Grounding these remedies in Section 37 of the Nigerian Constitution provides a strong legal  basis. The constitutional guarantee of privacy can be interpreted to support a mandatory right to  erasure, allowing victims to request the suppression of content that infringes on their dignity,  safety, and personal space. Although Nigeria does not yet have a formal statutory right to erasure  similar to the European Union’s GDPR, the principle aligns with emerging norms in digital  rights and privacy protection, and courts could adapt it to the local context. 

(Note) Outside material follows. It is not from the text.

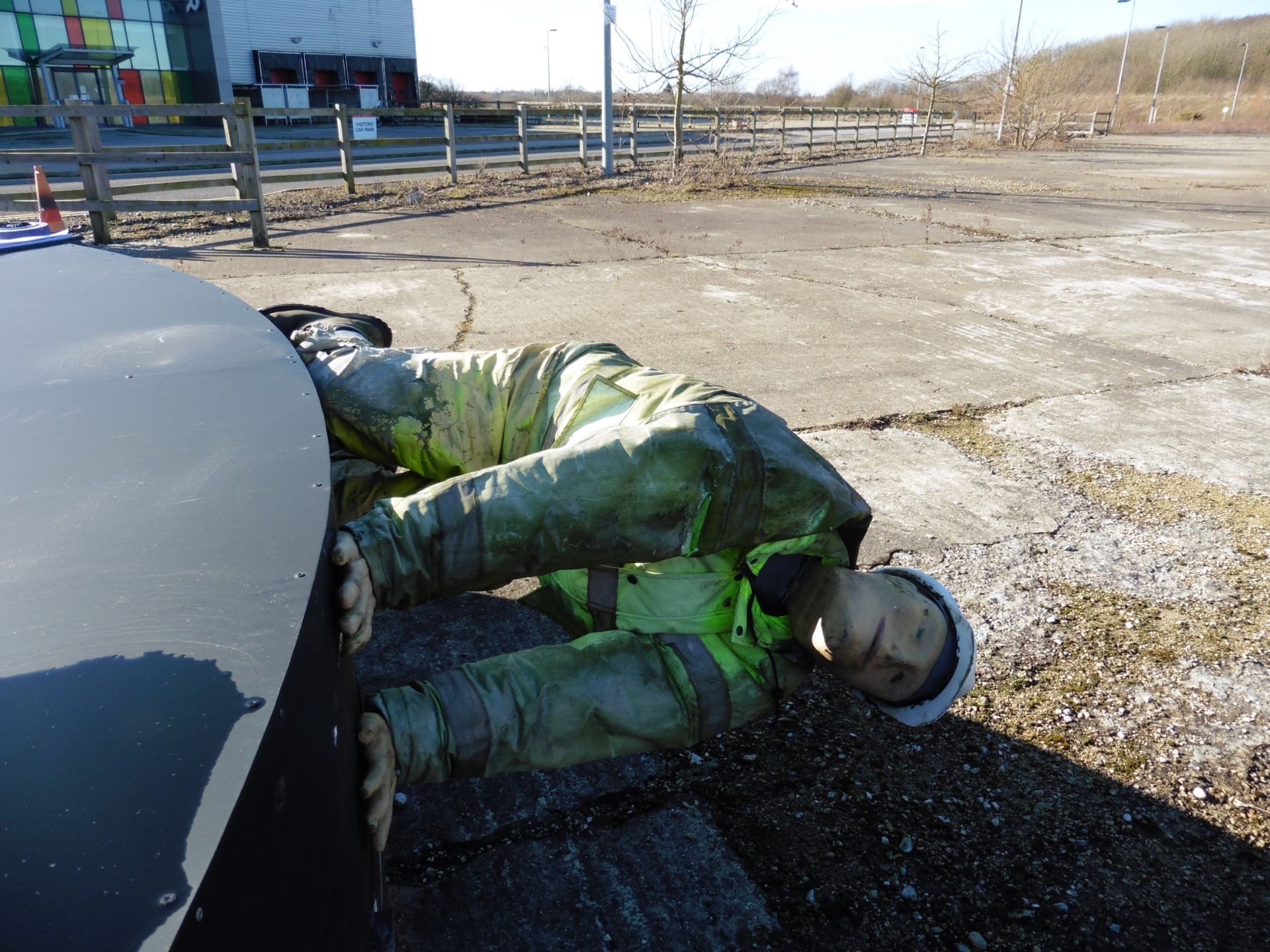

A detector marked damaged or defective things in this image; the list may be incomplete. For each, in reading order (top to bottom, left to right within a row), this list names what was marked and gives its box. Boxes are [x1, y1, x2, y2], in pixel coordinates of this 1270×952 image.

crack in concrete [454, 269, 477, 350]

Practical challenges remain. Jurisdiction over global platforms, enforcement of court orders, and  the need to balance privacy with freedom of expression are all significant considerations.  However, Nigerian courts can draw on comparative experiences from other jurisdictions, where  courts have successfully issued injunctions against intermediaries to prevent the dissemination of  abusive or harmful content. By carefully designing interlocutory relief that is time-bound,  narrowly tailored, and enforceable, the courts can protect victims while respecting constitutional  safeguards for free speech. 

Ultimately, embracing interlocutory injunctions and the right to erasure would ensure that  victims of cyber-harassment have access to timely, meaningful, and effective protection in the  digital sphere. Such an approach not only addresses the immediate harms caused by online abuse  but also signals a broader commitment to adapting Nigeria’s legal framework to the realities of  the digital age, where the pace and reach of information require innovative remedies alongside  traditional legal mechanisms.

REFERENCES (OSCOLAR style) 

Cybercrimes (Prohibition, Prevention, Etc.) Act 2015 (Nigeria)

  1. Constitution of the Republic of Nigeria 1999, s 37. 
  2. Regulation (EU) 2016/679 of the European Parliament and of the Council of 27 April  2016 on the protection of natural persons with regard to the processing of personal data  and on the free movement of such data (GDPR), Art 17. 
  3. Google Inc v Vidal-Hall [2015] EWCA Civ 311; Shreya Singhal v Union of India (2015)  5 SCC 1.
  4. Federal High Court of Nigeria, MTN Nigeria Communications Ltd v Nigeria  Communications Commission (unreported).